The name game

JET-SETTING businessman Adam Doherty was recently working in sunny California.

Being a proud Scotsman, he was horrified by the warm and pleasant weather. So after completing his wheeler-dealing, he skedaddled to the nearest gloomy LA hostelry to wet his insides with whisky.

While there, he got chatting to a barfly who revealed that he was called Cliff.

At least that was what Adam initially assumed, until the man went on to explain: “That’s Kliff – spelled K-L-I-F-F.”

Says Adam: “I thought that was a bit half-hearted of the bloke’s mum and dad. When they decided to celebrate the birth of their son by messing with the name Cliff, why didn’t they go full tilt, and call him Klyph?”

 

The missing links

CONFUSED sports fan Ella Smith from Giffnock makes a shame-faced confession.

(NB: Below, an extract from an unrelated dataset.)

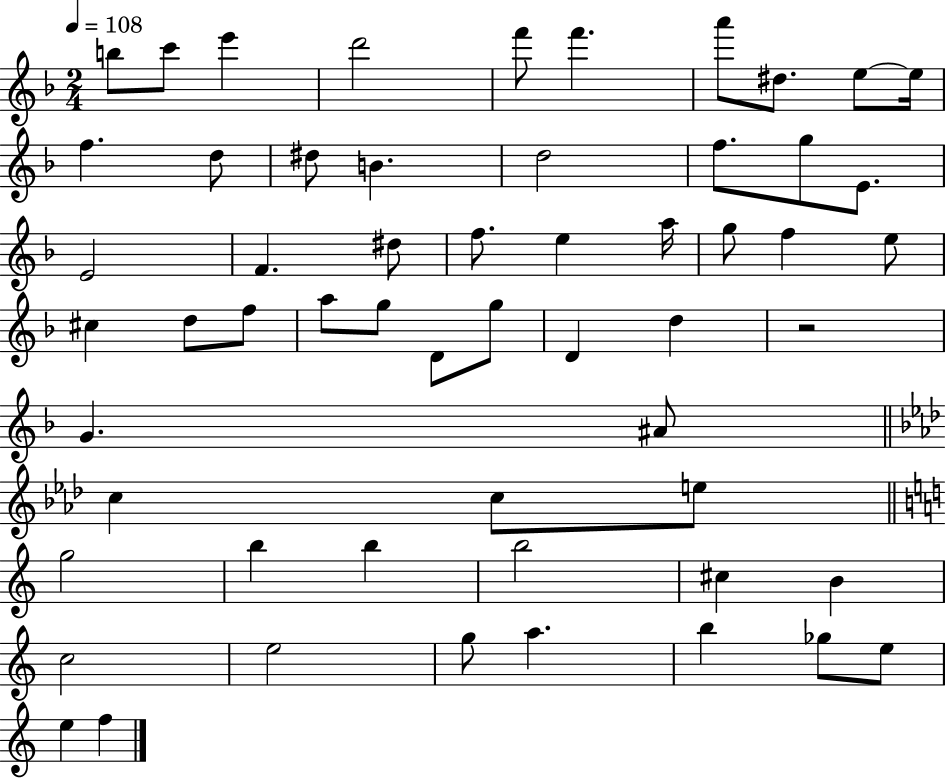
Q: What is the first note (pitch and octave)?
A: B5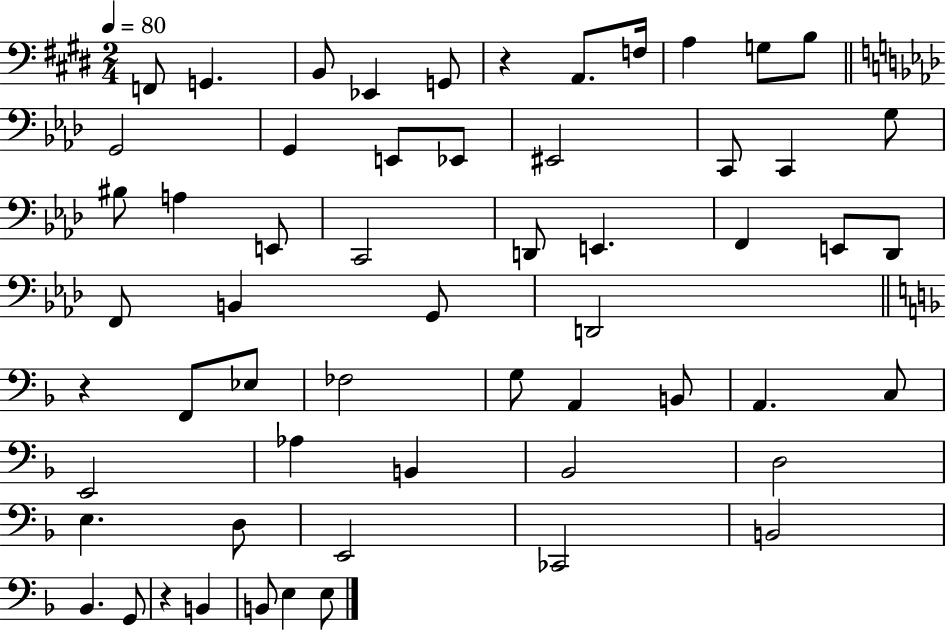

“I wonder,” she says, “if I was the only person to misread the caption under the picture of the extra water feature at the 17th hole of the Old Course, on the back page of a recent Herald sport section. I could have sworn it read the Dunhill LAKES Championship…”

 

Ditzy dogification

OUR pooch-loving readers are doggifying people of note.

If that sounds like a confusing enterprise, it simply means that we’re giving famous people from the past and present a Fido-friendly moniker.

Iain Mills suggests a four-legged version of a famous Canadian singer-songwriter… Woofus Wainwright.

 

Boxing clever

GLOOMY reader Robert Gardner was chatting to friends about funerals, and how he seems to have been attending rather a lot of them recently.
“Somehow we got on to the subject of using cardboard boxes instead of traditional wood coffins,” he says.

Analysing this unusual method of final transport, Robert and his pals decided that mourners could scribble on the sides of such a coffin how much they missed the deceased.
“I further suggested,” says Robert, who was clearly giving this grim subject some serious consideration, “that the cardboard box could have stamped on it the useful instruction This Way Up.”

 

Crossing the line

SOME useful literary advice from book-loving Barry Hicks from Paisley, who says: “If you come across a passage in a book that you don’t understand, the key is to underline it. The next person who owns the book will not only think you understood it, but that it is incredibly important. In that way you pass on the anxiety.”

 

Gaming the system

FUN-LOVING reader Mandy Clark tells us: “I played Bonopoly yesterday. It’s like Monopoly, only the streets have no name.”